Some of Field’s virtues are negative. He’s laid back rather than pushy; he’s the Dude, not a Little Lebowski Urban Achiever. Screenplay is pragmatic where Save the Cat! is dogmatic.
Screenplay observes:
When you are writing your screenplay, the plot points become signposts, holding the story together and moving it forward.[1]
Save the Cat! gives you a direct order:
Page 12 – Catalyst. Do it.[2]
And:
The B story begins on page 30.[3]
It’s noticeable that Field isn’t ideologically pushy, either. Screenplay wasn’t written in Mao’s China, but it’s no a hymn to unfettered individualism – as are The Writer’s Journey and Save the Cat!
Field gives practical advice about the writing life:
If you’re a housewife and have a family, you may want to write when everyone’s gone for the day, either midmorning or midafternoon.[4]
And collaboration:
If you’re married and want to collaborate with your spouse, other factors are involved. When things get difficult, for example, you can’t simply walk away from the collaboration. It’s part of the marriage. If the marriage is in trouble, your collaboration will only magnify what’s wrong with it.[5]
He’s wry:
Many of my married women students tell me their husbands threaten to leave them unless they stop writing; their children turn into “animals”.[6]
But, as far as pushing the viewer towards individualism, Field isn’t a culprit. Field doesn’t deal in Heroes and Heroines. In the whole book, the word “Hero” isn’t used. Instead, Field writes about “main characters”.
What does your main character want? What is his or her need?[7]
He writes declaratively:
Without conflict there is no drama. Without need, there is no character. Without character, there is no action. “Action is character.” F. Scott Fitzgerald wrote in The Last Tycoon. What a person does is what he is, not what he says.[8]
However, Screenplay is still mostly about writing films with a single strong main character. Field doesn’t really deal with ensemble pictures – or he dodges dealing with them. Even so, his examples are better than those of Vogler and Snyder:
What about Nashville? Is that an exception? Let’s take a look. First, who’s the main character of the film? Lily Tomlin? Ronee Blakley? Ned Beatty? Keith Carradine?… Joan Tewkesbury… the screenwriter… realised the main character of the film – that is, who the movie is about – is the city of Nashville. It is the main character.[9]
Then he says:
There are several main characters in the film and they all move the action forward.[10]
He says the same of Network (1976).
The “network” is the main character. It feeds everything, like a system; the people are parts of the whole, replaceable parts, at that. Network continues on, indestructible; people come and go. Just like life.[11]
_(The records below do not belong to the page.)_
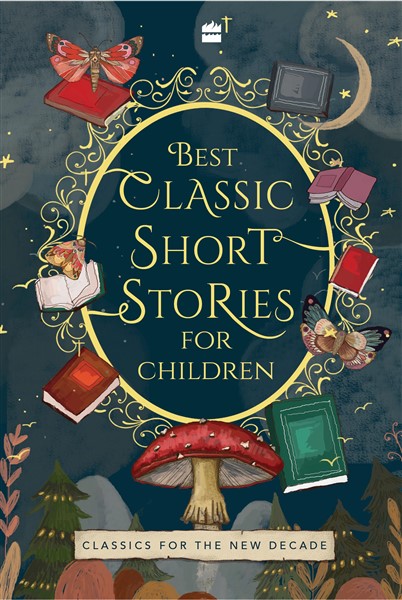 Best Classic Short Stories For Children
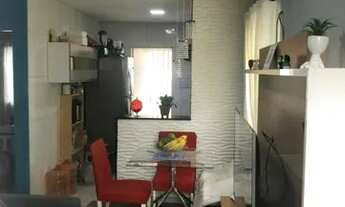 Imagem 7: Vendo casa no Alto do Moura Village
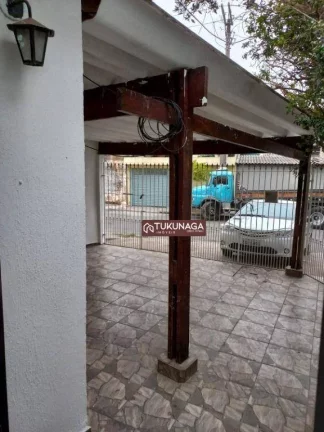 Imagem Casa com 4 dormitórios à venda, 164 m² por R$ 350.000,00 - Jardim Zimbardi - Guarulhos/SP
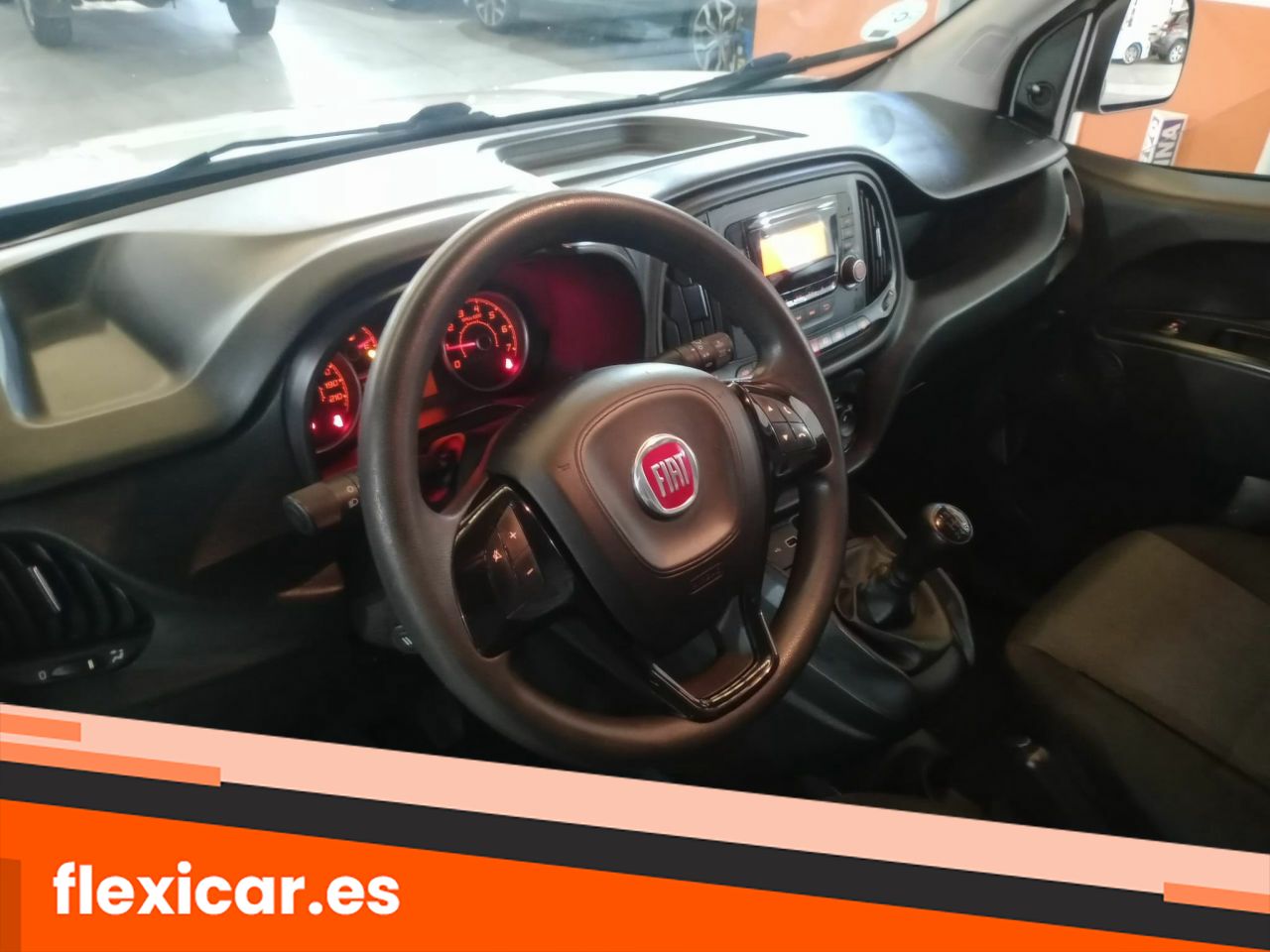 Foto Fiat Doblo 18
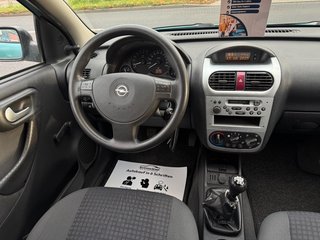 Opel Corsa C 1.2 Klima*2.Hand*Allwetter*TÜV NEU - foto 3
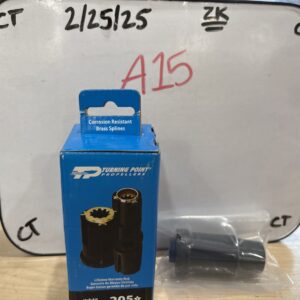 Turning Point Propellers 11100501 - Masterguard Installation/Hub Kit 205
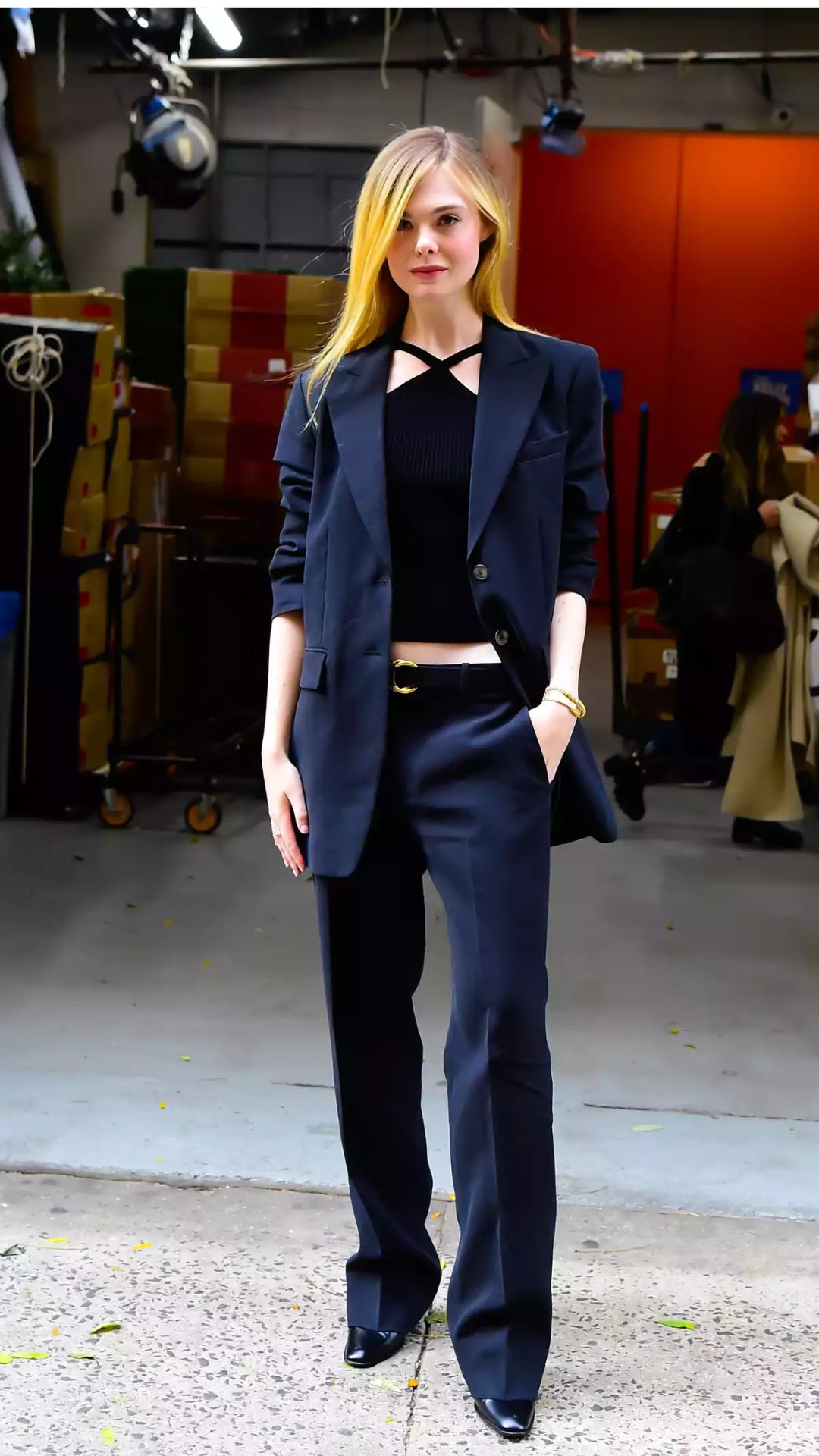 formal wear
Although he doesn’t require Heroes, Field does want main characters who make stuff happen. The world, at least in his cinematic version of it, moves forwards because of individual dilemmas and decisions:
Many new or inexperienced writers have things happening to their characters, and they are always reacting to their situation, rather than acting in terms of dramatic need. The essence of character is action; your character must act, not react.[12]
Screenplay doesn’t seem anything like a get rich quick manual. The sale is important, but it contains nothing about pitching. Field’s engagement with money is more from the moviegoer’s perspective:
After the lights fade, and the movie begins, how long does it take you to make a decision, either consciously or unconsciously, about whether the movie was worth the price of admission?[13]
Field includes some pages from one of his own screenplays, for an unmade film “The Run”. It is sadly expository and uninspiring. I expect it encouraged some writers by being obviously out-doable.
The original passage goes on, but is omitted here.